I had breakfast with Sun last week before the
launch of the new
T-1 UltraSparc -based servers, although I missed the official launch. We had a cosy little breakfast for industry analysts…
and the 451 group (just kidding guys, Will knows more about Unix than I will ever forget…), at a place called Nippon Tuk. I kid you not – was this a joke about the fact Sun has been undergoing some pretty serious cosmetic surgery of late?
Jonathan Schwartz was there, and it was a pleasure as ever to talk to him, but nothing he said came close to being as compelling as what his customers told me. He’ll be glad to hear it.
Customers make the best evangelists .
People keep asking how Sun plans to make money. Selling hot boxes might be an idea.
The comments from both customers were glowing, practically gushing.
Fiducia runs IT services for more than 900 Cooperative Banks. It plans to do less with the mainframe and more in the middle tier.

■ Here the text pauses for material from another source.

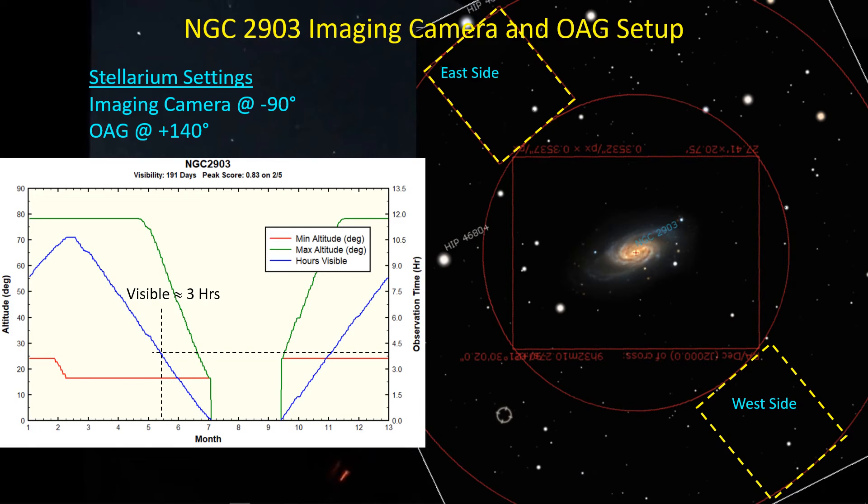The first target I'm going after is NGC 2903 — we're rapidly losing it for this season. On the left is a plot I made. The horizontal axis is the months of the year, the left scale is altitude, and the right-hand scale is observation time. The blue curve shows the optimum time to image 2903 is back in February, where it's visible for almost 10 hours a night. That means you could finish this target in February with just two to three good nights.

It built its own benchmark because existing industry benchmarks don’t include a call to mainframe IMS.
The contact was a rather nice chap called Matthias Schorer.
Here are excepts from my notes:
“We ran our benchmarks – it was just amazing. 800 parallel requests into the single machine. 280 requests per second coming up, less than 500 millisecond response time.

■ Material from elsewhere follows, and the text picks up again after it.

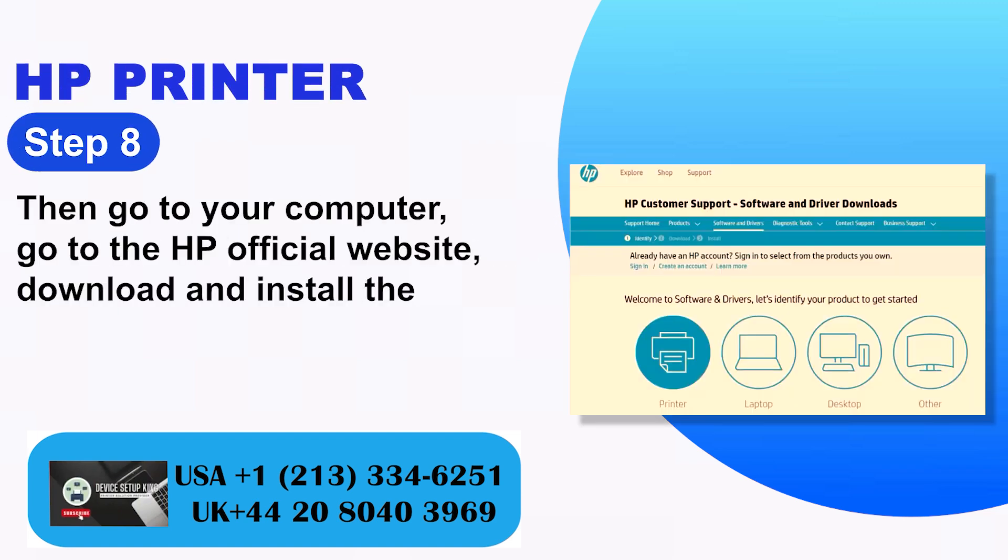Step 8: Then go to your computer, visit the HP official website, and download and install the latest printer driver.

The initial number of Mercury Loadrunner Machines couldn’t handle it, so we had to increase the number of load generators. “
Mercury load generators kept crapping out before the server: that tells you something. Apparently Germans are worried about electricity cost as well, and are excited about replacing five servers with one.
“I am an apple guy, they must have taken it to apple to design its so pretty. On unpacking the box – three guys went wowee – we took a photo. It was like a Ferrari or a beautiful woman.”
So what about Strato, a web-hosting company, another T-1 alpha tester? It does so much hosting that it measures tin by the ton. I talked to Rene Weinholtz (CTO) and Carsten Zorger (PR).
The lead developer called and said have you read your email – you wont believe it – this app runs on one chip. 20 ultraspacr 2s and 14 ultrassparc 3s and it was running at 50%…
Strato represents a third of all german email traffic- and its running on one chip.
If we completely restructured – we would only need 10% of floor space and power. Less power counts twice-less air conditioning…
Forgive my stereotyping but I tend to trust Germans on engineering issues. Quality is very much in the mindset, in my experience. Germans tend not to take claims on trust. They are thorough. Their trains run on time. Their cars are usually impressive. The manufacturing industry in Germany is world-class. You could argue some German companes focus too much on quality at the expense of cost, but the brands can sustain it. I recently bought a
Bosch washing machine, and paid more for it than others I looked at. That machine is quiet… which I just what you need when you have a new baby.
All I mean is these guys seemed like they had given the servers a good going over and the experience, from out of the box to production, was positive. Fiducia, for example, looked at AMD servers from multiple vendors during its benchmarking. Buying behaviour will likely follow, but I am not going to speak for Fiducia or Strato on that score.
The T-1 is not right for all workloads. It is designed for mid tier rather than OLTP, from a cache perspective. Sun needs to emphasize the segmentation.
Jaime Cardoso has some good thoughts in that regard. Perhaps you could build a table, or online service, that recommended AMD, oldline SPARC or T-1 based on workload?
In talking to Fiducia something struck me. I was talking to service providers in both cases. They were happy campers with Tomcat and Apache, Posgres and so on, in Strato’s case with little or no interest in J2EE. The weirdest thing about Sun’s current position, is that if the market does swing comprehensively away from Java and EJB in the way some commentators now say it is, then Sun will actually be hurt less than other companies from a revenue perspective. You could take away all JES revenues tomorrow and Sun could still build a business selling servers to support Apache, Postgres, MySQL, PHP and all that. Oh wait – maybe Sun already thought of that…
German IT organisations are evidently thinking about environmental characteristics. It is not just a US phenomenon. Rene called himself a “tree hugger”. Strato’s data center is on the hot banks of the Rhine (38 degrees in summer).
I can’t promise any kind of wide sample size in the research presented above- but these anecdotes felt instructive to me. So I posted them.
Anyway – that is my report. Perhaps its not just plastic surgery.
———————————————————————————————
Disclaimer: Not only Sun is a paying client but Jonathan Schwartz, Sun’s President and COO, recently publicly said that I am a tier one analyst. Note to other “tier one analysts” –
Solaris is open source now. If you read blogs you’d know. Just a suggestion.
James says:
December 17, 2005 at 11:31 pm
Jonathan is correct that you are a tier one analyst. Now if you could only get the folks at Sun to consider that customers may have different thinking on federations than what is previously discussed and that if they continue to ignore their voices they may be alone in the wilderness.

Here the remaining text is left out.